Cracovians are becoming accustomed to the great white balloon and tourists are loving it, but a group of dissenting voices has caused controversy. An article in the Polish daily Gazeta Wyborcza titled “Americans Stab the Balloon” (“Amerykanie kłują balon”) has provoked more comment than the balloon itself.
Public opinion is divided over the balloon. Many see it as an exciting and attractive addition to the city. Others are concerned that it is the latest example of a policy of aggressive development and Disneyfication that is out of control. Both points of view have become somewhat lost, however, in the furore generated by the Gazeta Wyborcza article.
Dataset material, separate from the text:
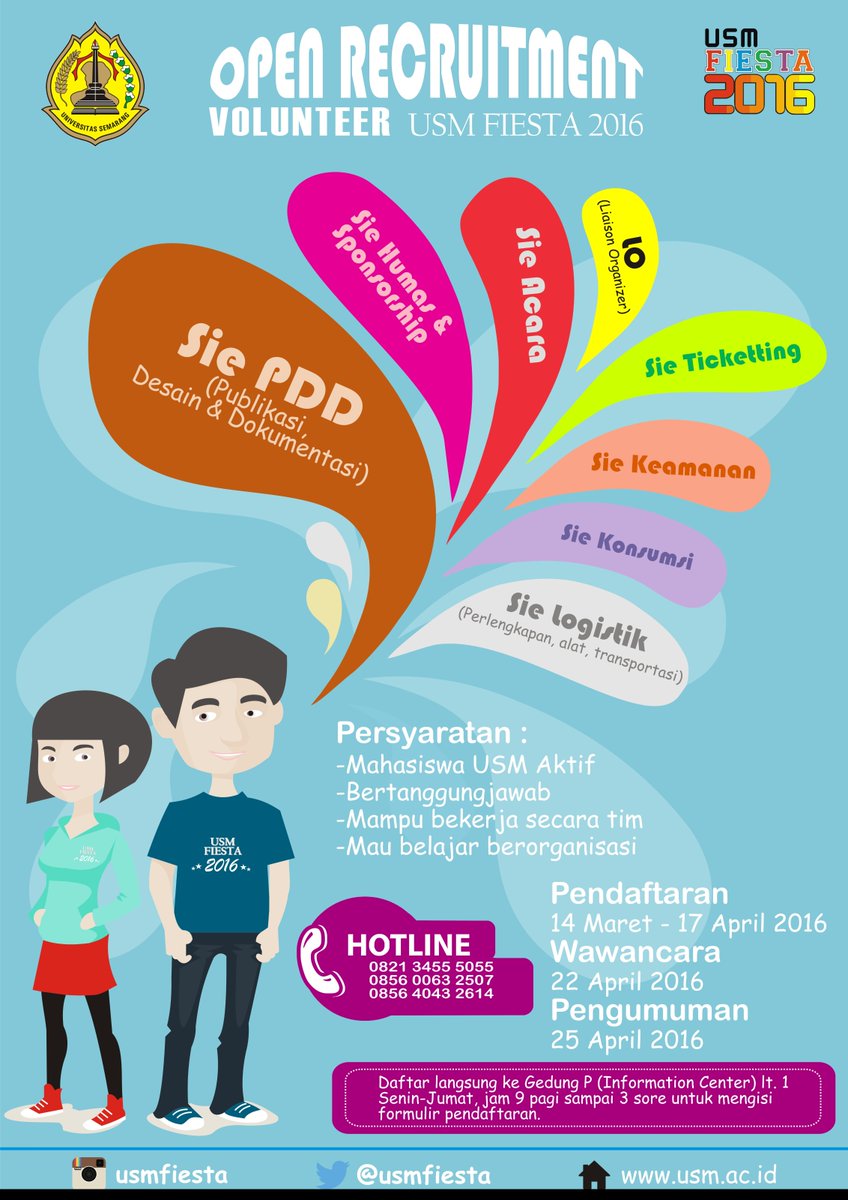 Open Recruitment "Volunteer <a href="/usmfiesta/">usmfiesta</a> 2016" | Pendaftaran mulai besok Senin 14 Maret 2016 !!!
The setting of the balloon in such a sensitive location, close to Wawel Castle and Skałka church, has been controversial from the beginning. Placing such a visually dominant attraction next to two of Poland’s most important ancient monuments was seen as bold by some and disastrously disrespectful by others. Though assembled and technically ready to fly since mid-2008, the balloon fell foul of civil aviation rules that kept it grounded for half a year. The balloon’s operator, HiFlyer Polska, finally received the necessary Air Operator Certificate on 10 April of this year. This long delay, during which the balloon crouched fully inflated behind ugly construction fences, fuelled resentment among local residents.
It was not until the balloon went into regular operation that it became clear how great its visual impact would be. Rising 150 metres into the air at the end of its tether, the pure white globe is visible from all over the city. Rising and falling every 15 minutes, its appearance over ancient rooftops and spires can be sudden and startling. In a city that wears the tragedies and glories of its long history proudly, the frivolity of the balloon is jarring for some.
The Gazeta Wyborcza article, which appeared at the end of May, made the sensational claim that a group of Americans were organising an aggressive campaign against the balloon and identified one Christopher Gray as the leader of this movement. A large proportion of the more than 150 comments attracted by the article on the paper’s website concentrated on attacking Mr. Gray for interfering in a purely Polish matter. Even many of those opposed to the balloon questioned the right of an American to express a similar opinion.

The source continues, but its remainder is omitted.